The chance of someone being killed by the out-of-control Chinese rocket that is currently falling to Earth is much higher than it should be, experts have warned.

A Chinese Long March 5B rocket, launched into space over the weekend, is currently dropping back down to Earth. Experts are unable to predict where it will land – or how much damage it might cause when it does.

But the chance of it landing somewhere that injures or kills someone this weekend is one-in-1,000 to one-in-230, well above the internationally accepted casualty risk threshold of one-in-10,000, according to the US government funded Aerospace Corp.

But the risk posed to any single individual is far lower, on the order of six chances per 10 trillion, said Aerospace analyst Ted Muelhaupt. By comparison, he said, the odds of being struck by lightning are about 80,000 times greater.

The overall risk to people and property on the ground is fairly low, given that 75% of Earth’s surface in the potential path of debris is water, desert or jungle, he said.

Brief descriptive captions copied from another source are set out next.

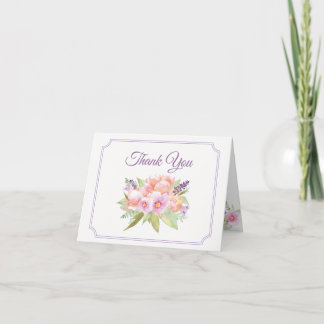 Elegante Bouquet Floral Tarjeta de agradecimiento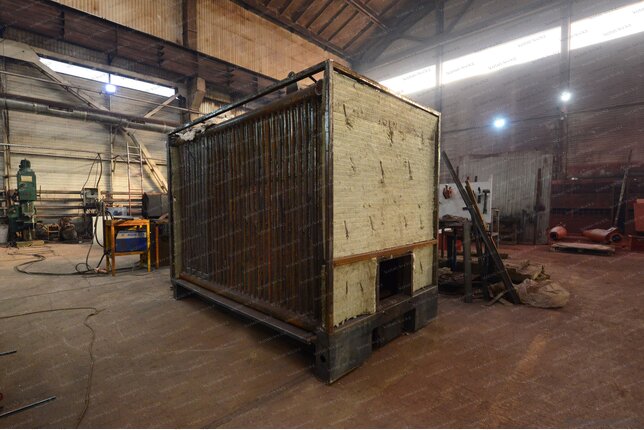 Угольный котел 750 кВт - изготовление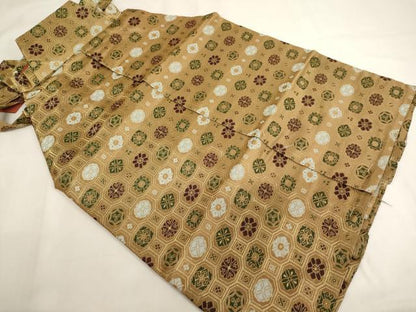 平和屋着物[]七五三　男の子　行灯袴・小物セット　蜀江花文　金糸　逸品　AABI2885ja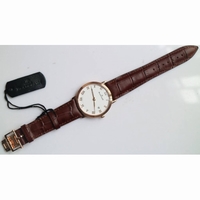 Villeret 6651 RG 1:1 Best Edition White Dial Brown Leather Strap A1151 ZF 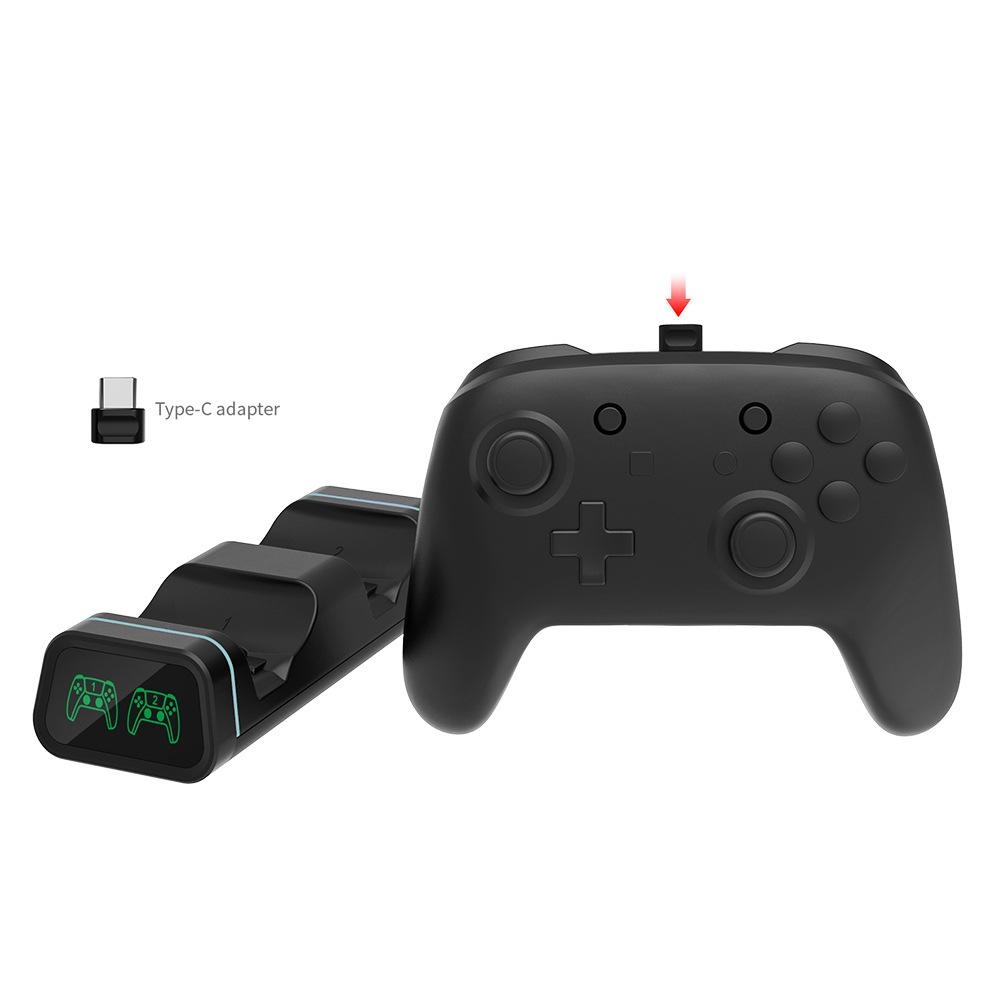 Двойная док-станция для зарядки ручек контроллеров для Xbox Series X/S/ PS5 Держатель для зарядки Nintendo Switch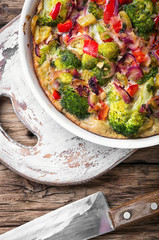 Vegetarian Italian Omelette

Nevertheless, the possibility exists for pieces of the rocket to come down over a populated area, as they did in May 2020 when fragments of another Chinese Long March 5B landed on the Ivory Coast, damaging several buildings in that West African nation, though no injuries were reported, Mr Muelhaupt said.

By contrast, he said, the United States and most other space-faring nations generally go to the added expense of designing their rockets to avoid large, uncontrolled re-entries - an imperative largely observed since large chunks of the NASA space station Skylab fell from orbit in 1979 and landed in Australia.

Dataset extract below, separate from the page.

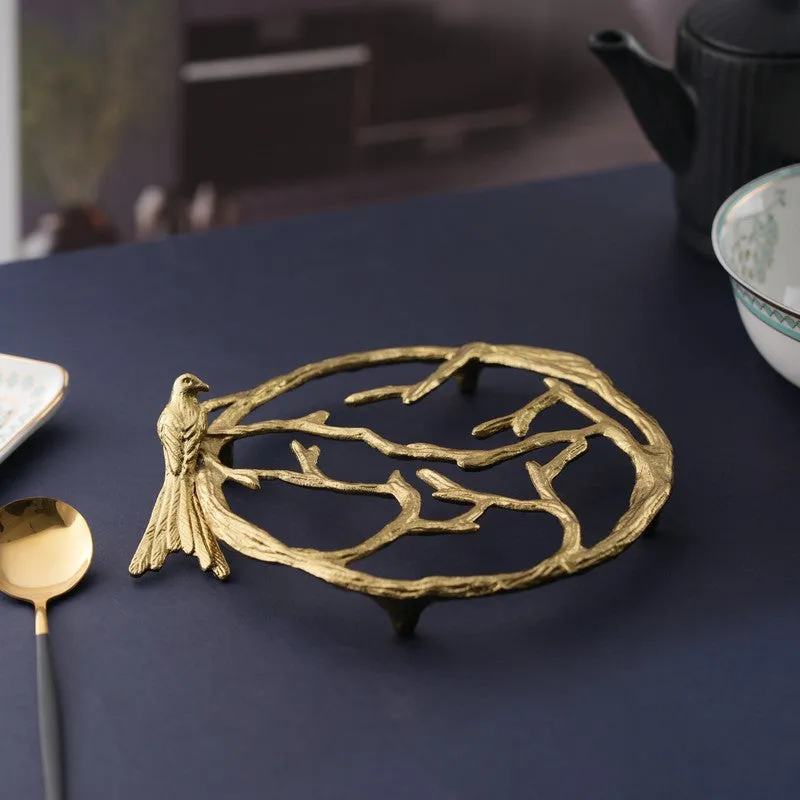 Flight Of Gold Trivet media 3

Ultimately, the rocket body will disintegrate as it plunges through the atmosphere but is large enough that numerous chunks will likely survive a fiery re-entry to rain debris over an area some 2,000 km (1,240 miles) long by about 70 km (44 miles) wide, independent U.S.-based analysts said on Wednesday.

The probable location of the debris field is impossible to pinpoint in advance, though experts will be able to narrow the potential impact zone closer to re-entry in the days ahead.

The latest available tracking data projects re-entry will occur around 0024 GMT Sunday, plus or minus 16 hours, according to Aerospace.